Biogasanlagen besitzen wertvolle Eigenschaften für den Strommarkt der Zukunft. So lautet eine der zentralen Aussagen der Agentur für Erneuerbare Energien (AEE) in einem kürzlich veröffentlichten Hintergrundpapier. Eine der wichtigsten Thesen, die die AEE anführt: Bioenergie könne „die wetterabhängige Erzeugung von Solar- und Windenergieanlagen gut ausgleichen“. Damit gemeint ist der Einsatz von Bioenergie in Kraft-Wärme-Kopplungs-Anlagen (KWK-Anlagen). Denn Blockheizkraftwerke (BHKW) zeichnen sich unter anderem dadurch aus, dass sie sich flexibel steuern lassen.
Bei der Energiewende allein auf Fotovoltaik- und Windkraftanlagen zu bauen, das halten auch die Stadtwerke Gießen (SWG) für den falschen Weg. „Wir benötigen nicht nur Strom aus Wind und Sonne, sondern auch Erzeugungsarten, die grundlastfähig sind und sich zudem durch eine positive Umweltbilanz auszeichnen“, betont SWG-Vorstand Reinhard Paul.
Regionale Ressourcen nutzen
Auf den Ausbau der KWK in Gießen und Mittelhessen setzen die SWG bereits seit einigen Jahrzehnten. Eine zunehmend wichtigere Rolle in diesem Zusammenhang soll künftig die regionale Biogasproduktion spielen. „Statt ausschließlich Brennstoff aus dem Nahen Osten oder Russland zu verwenden, wollen wir vorhandene Ressourcen in der Region nutzen, um Strom und Wärme vor der eigenen Haustür zu produzieren“, erklärt Reinhard Paul. Die Biogasanlage der SWG in Großen-Buseck belegt seit 2011, dass dieses Modell erfolgreich funktioniert. Nun kommt ein zweiter Standort hinzu: Heuchelheim. Mitte Mai starteten die Bauarbeiten, Ende November ging die neue Biogasanlage auf dem Gelände der Landwirte Hans und Thorsten Klug in Probebetrieb.
2 Millionen Kilowattstunden Strom pro Jahr
Die moderne, hocheffiziente Anlage zählt zu den wichtigen Bausteinen der Energiewende in der Region und trägt dazu bei, klimaschädliches CO2 einzusparen. Kurze Anfahrts- und Lieferwege sowie ein optimaler Mix der Biomasse mit hohem Gülleanteil für den Standort Heuchelheim spielten bei der Planung eine tragende Rolle. Das Besondere: Die Anlage wurde so konzipiert, dass sie mit der vor Ort vorhandenen Biomasse effizient arbeitet.
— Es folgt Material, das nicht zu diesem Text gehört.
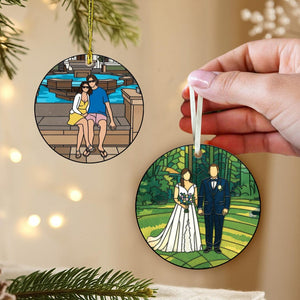 Personalized Wedding Anniversary Gift: Custom Annivesary Stained Glass, Unique Wedding Gift For Couple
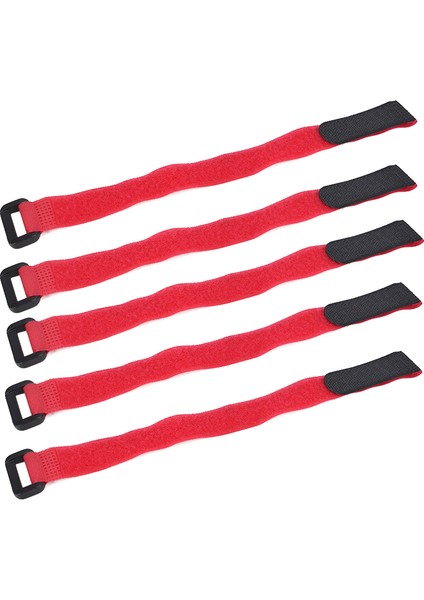 20X300MM Kırmızı Stil 5 Adet Bisiklet Direksiyon Askı Tutucu Bisiklet El Feneri Bağlama Ipi Bandaj Universal Naylon Yapışkan Bağ Tutucu Sabit Ürünler Bisiklet Kayışı (Yurt Dışından)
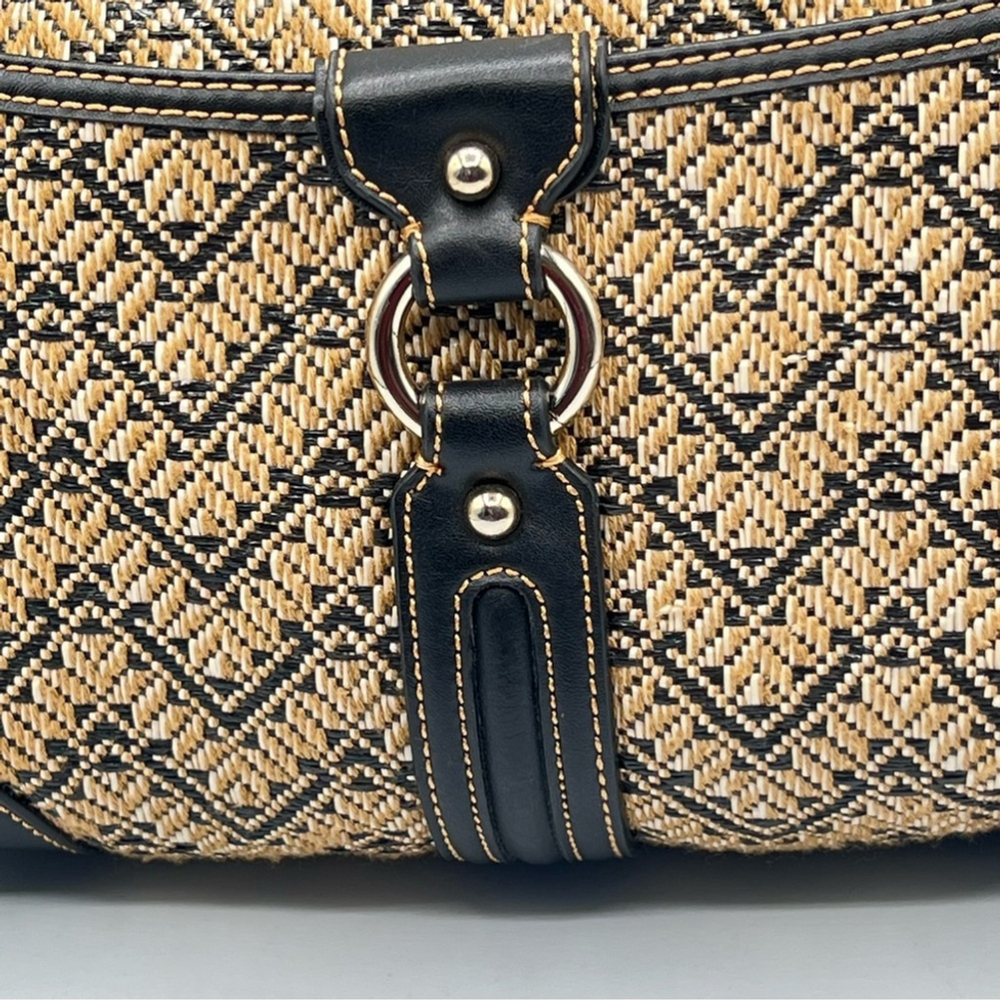 Etienne Aignee Canvas Leather Shoulder Bag Satchel Purse - Picture 5 of 14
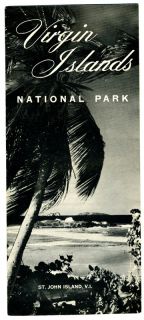Virgin Islands National Park Brochure St John Island 1962  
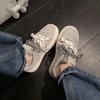Leather Retro Little White Shoes Color Four Seasons Fashion Mesh Versatile Low Top Thick Baseplate Shoes Women's Shoes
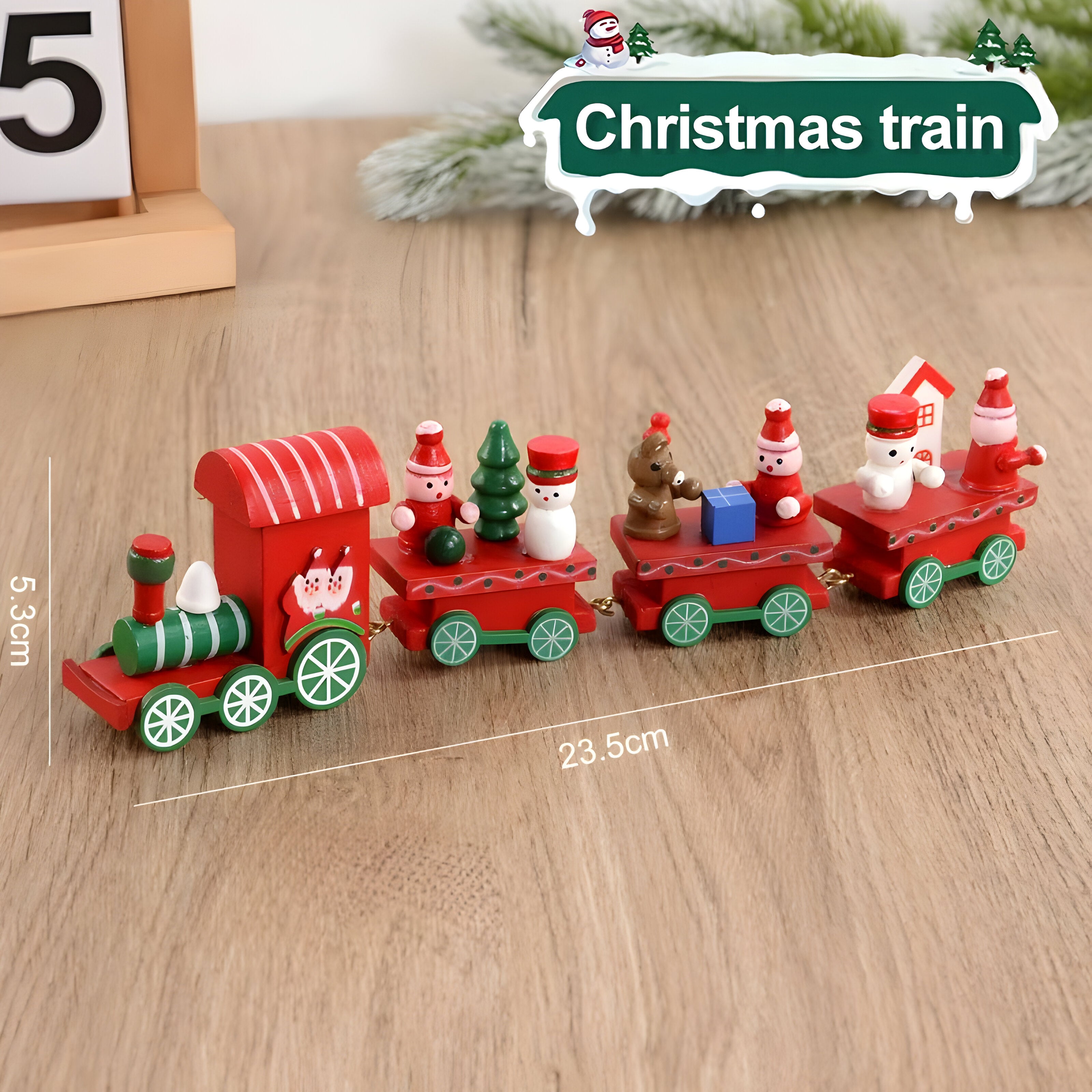 Wooden Christmas Trains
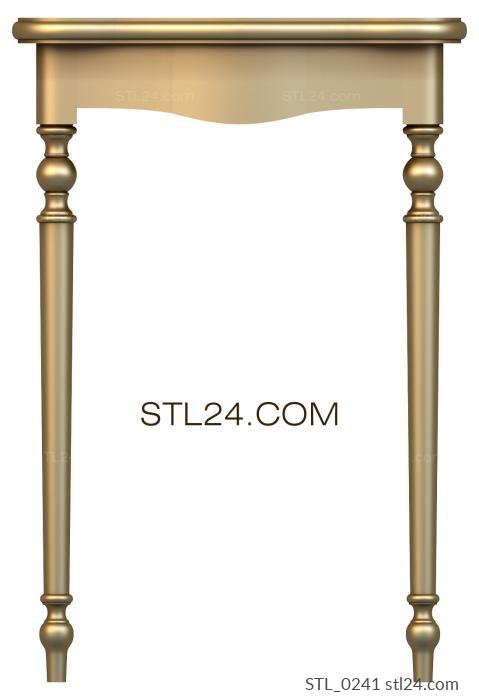 Столы (STL_0241) 3D модель для ЧПУ станка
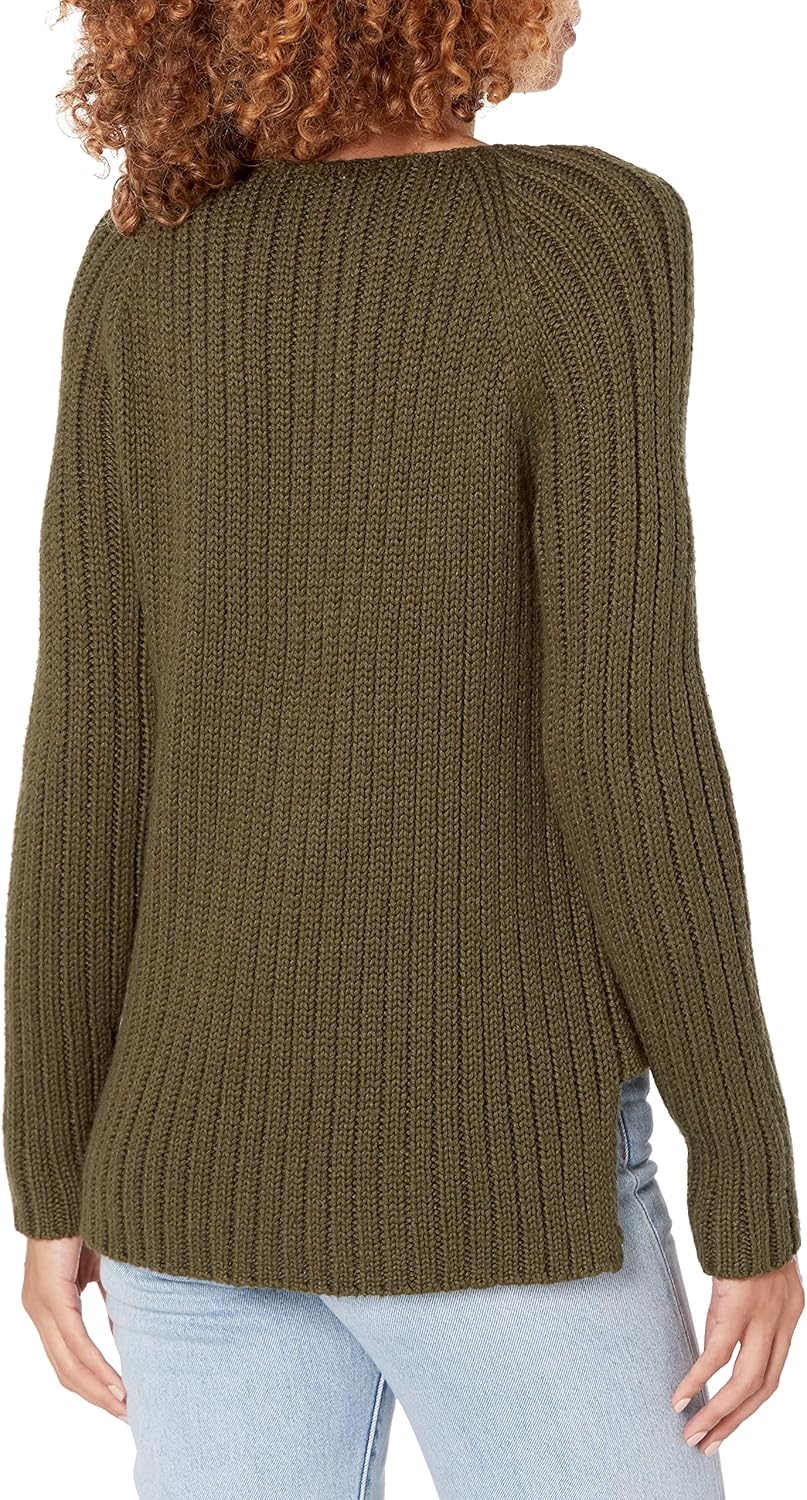 Rent The Runway Pre-Loved Olive Cable Knit Sweater - Image 2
Die Gülle gelangt auf direktem Weg aus dem Stall in den Fermenter der Biogasanlage. Zudem liefern die Bauern auch Futtermittelreste und Festmist als Biomasse. Die kurzen Wege sorgen dafür, dass die Anwohner keine Geruchsbelästigung befürchten müssen. Und für die Bauern hat es den großen Vorteil, dass sie die nährstoffreichen Gärreste als Dünger auf ihre Felder ausbringen können – und damit auf einen Großteil Kunstdünger verzichten können.
Am Projekt arbeitete – wie bereits in Großen-Buseck – die Technische Hochschule Mittelhessen (THM) mit. „Gemeinsam mit der THM optimieren wir die Gärprozesse. Dadurch erzielen wir eine noch höhere Effizienz, wie die Biogasanlage in Großen-Buseck belegt. Sie gehört deutschlandweit zu den effizientesten. Ein Erfolg, an den wir in Heuchelheim anknüpfen wollen“, betont SWG-Projektleiter Stefan Seibel.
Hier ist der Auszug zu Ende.